A metallic microlattice is a synthetic porous metallic material consisting of an ultra-light metal foam. With a density as low as 0.9 mg/cm3 (0.00561 lb/ft3), it is one of the lightest structural materials known to science. It was developed by a team of scientists from California-based HRL Laboratories, in collaboration with researchers at University of California, Irvine and Caltech, and was first announced in November 2011. The prototype samples were made from a nickel-phosphorus alloy. In 2012, the microlattice prototype was declared one of 10 World-Changing Innovations by Popular Mechanics. Metallic microlattice technology has numerous potential applications in automotive and aeronautical engineering.
To produce their metallic microlattice, the HRL/UCI/Caltech team first prepared a polymer template using a technique based on self-propagating waveguide formation, though it was noted that other methods can be used to fabricate the template. The process passed UV light through a perforated mask into a reservoir of UV-curable resin. Fiber-optic-like "self-trapping" of the light occurred as the resin cured under each hole in the mask, forming a thin polymer fiber along the path of the light. By using multiple light beams, multiple fibers could then interconnect to form a lattice.
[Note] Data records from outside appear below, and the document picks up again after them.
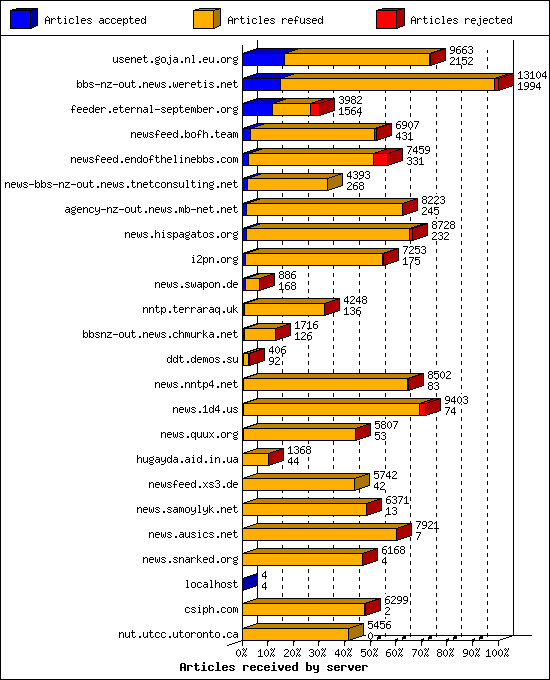 Articles received by server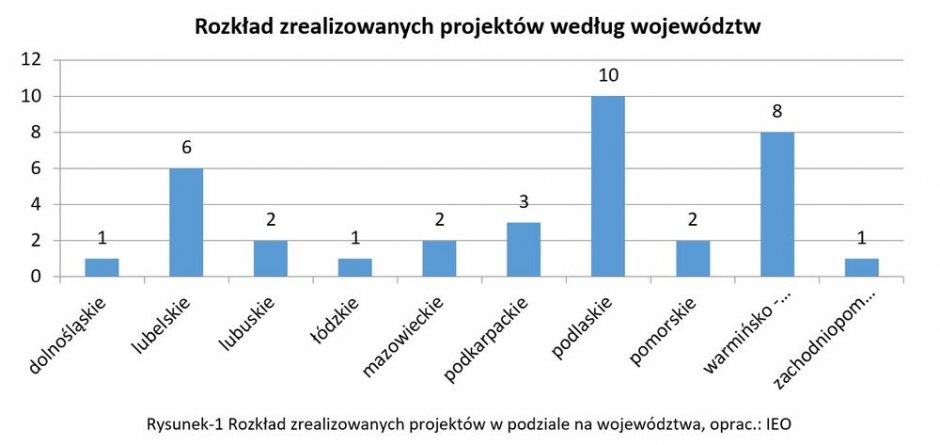 farmy fotowoltaiczne woj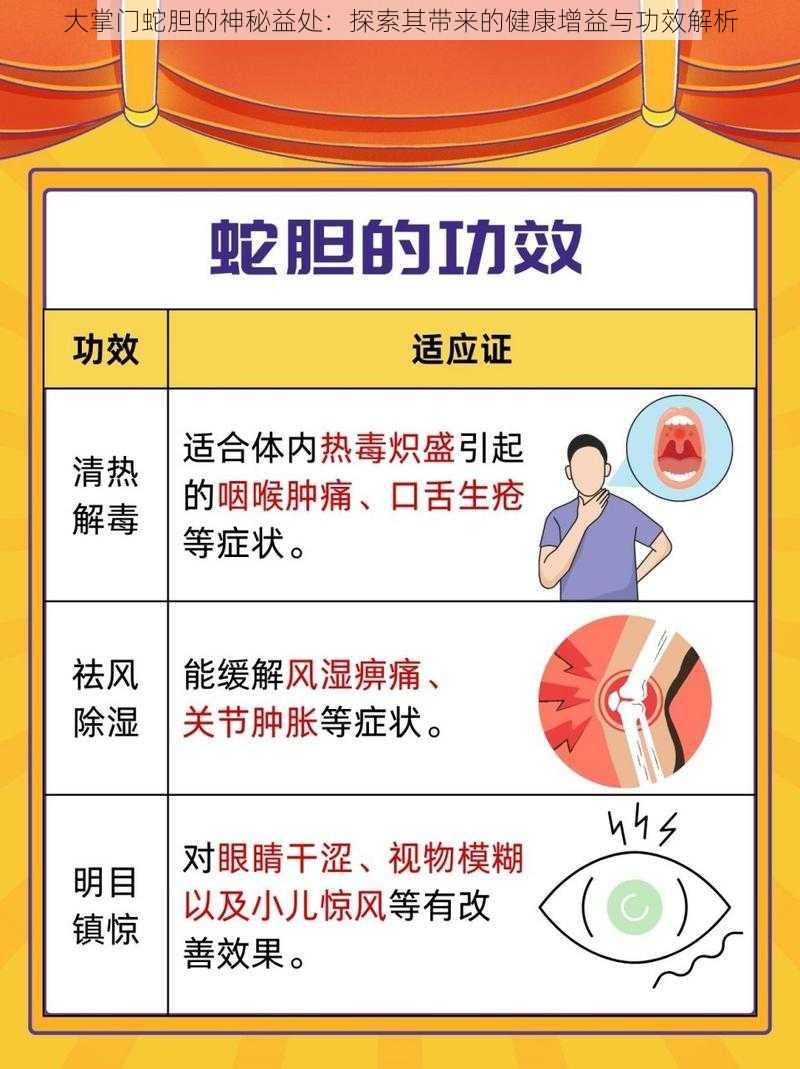 大掌门蛇胆的神秘益处：探索其带来的健康增益与功效解析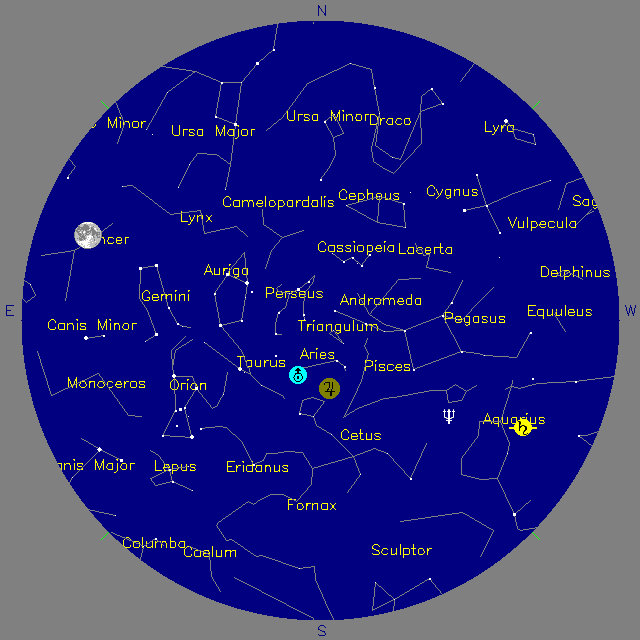 Sky Chart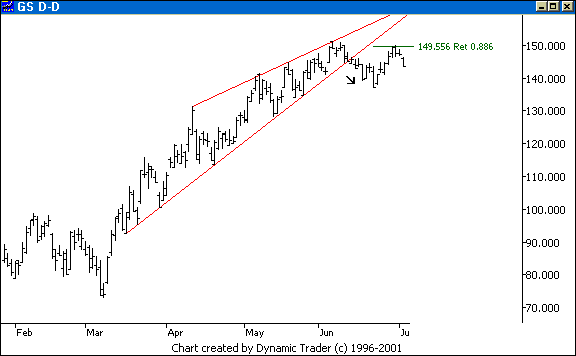 Chart 8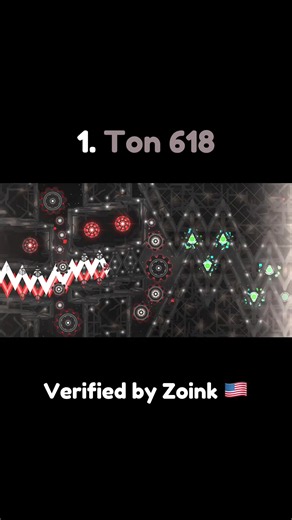 2030 demonlist prediction by grok ai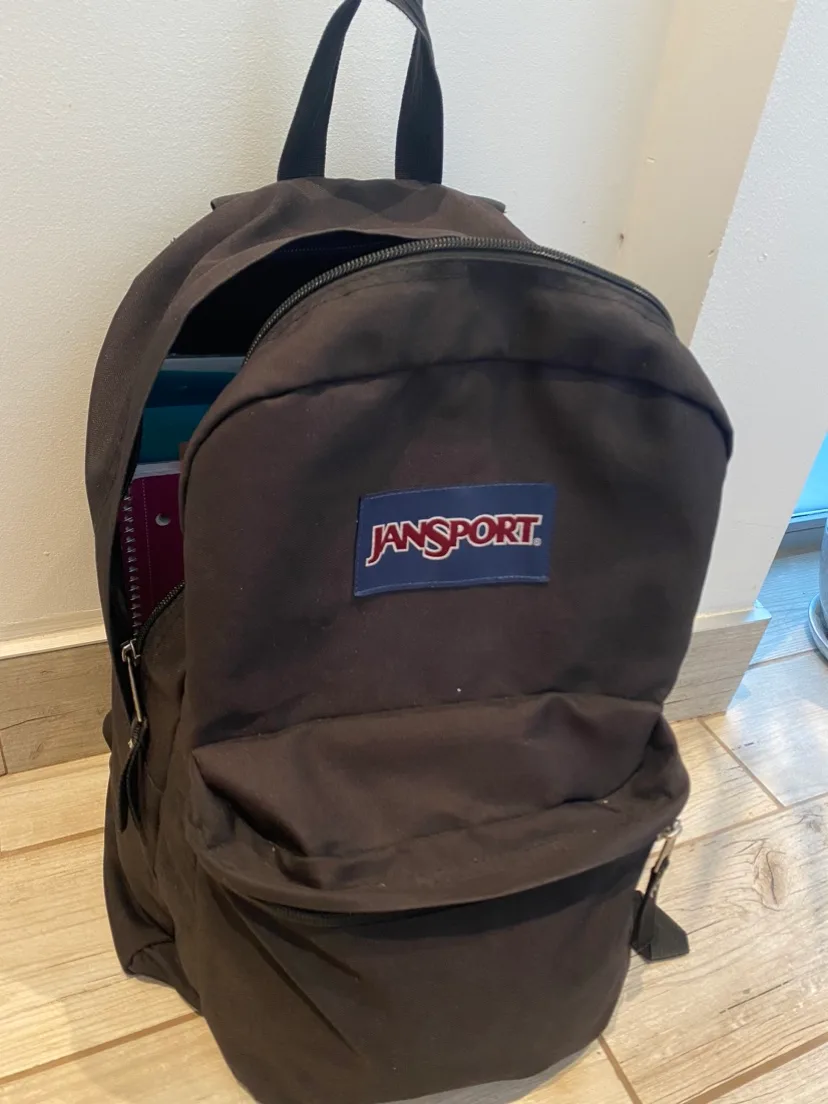 Jansport Backpack image indicator(4)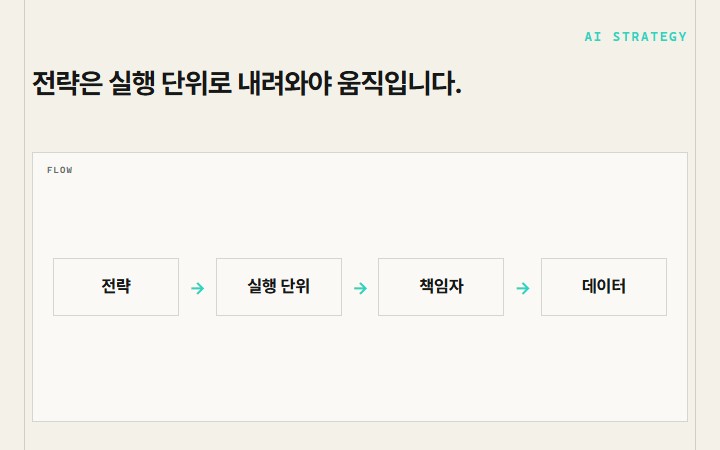 전략은 실행 단위로 내려와야 움직입니다.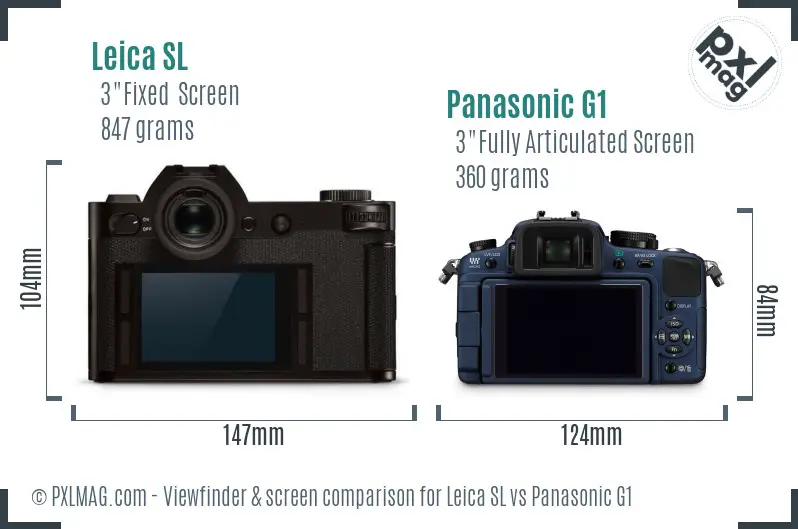 Leica SL vs Panasonic G1 Screen and Viewfinder comparison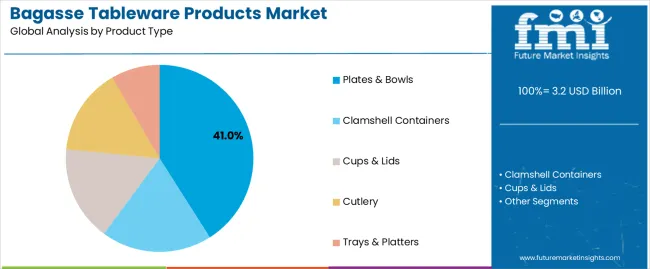Bagasse Tableware Products Market Analysis By Product Type Bagasse Tableware Products Market Analysis By Product Type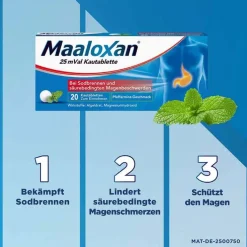 Maaloxan 25 mVal Kautabletten, 50 St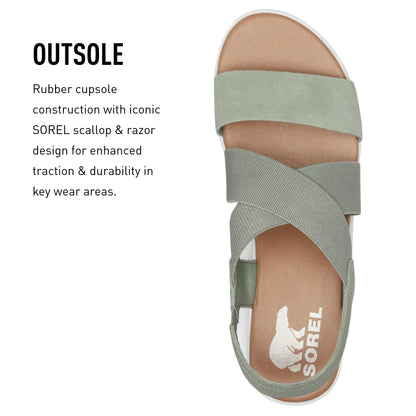 Sorel Women's Cameron‚Ñ¢ Flatform Slingback - Safari, Sea Salt - Size 10.5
The process was similar to photolithography in that it used a two-dimensional mask to define the starting template structure, but differed in the rate of formation: where stereolithography might take hours to make a full structure, the self-forming waveguide process allowed templates to be formed in 10–100 seconds. In this way, the process enables large free-standing 3D lattice materials to be formed quickly and scalably. The template was then coated with a thin layer of metal by electroless nickel plating, and the template is etched away, leaving a free-standing, periodic porous metallic structure. Nickel was used as the microlattice metal in the original report. Owing to the electrodeposition process, 7% of the material consisted of dissolved phosphorus atoms, and it contained no precipitates.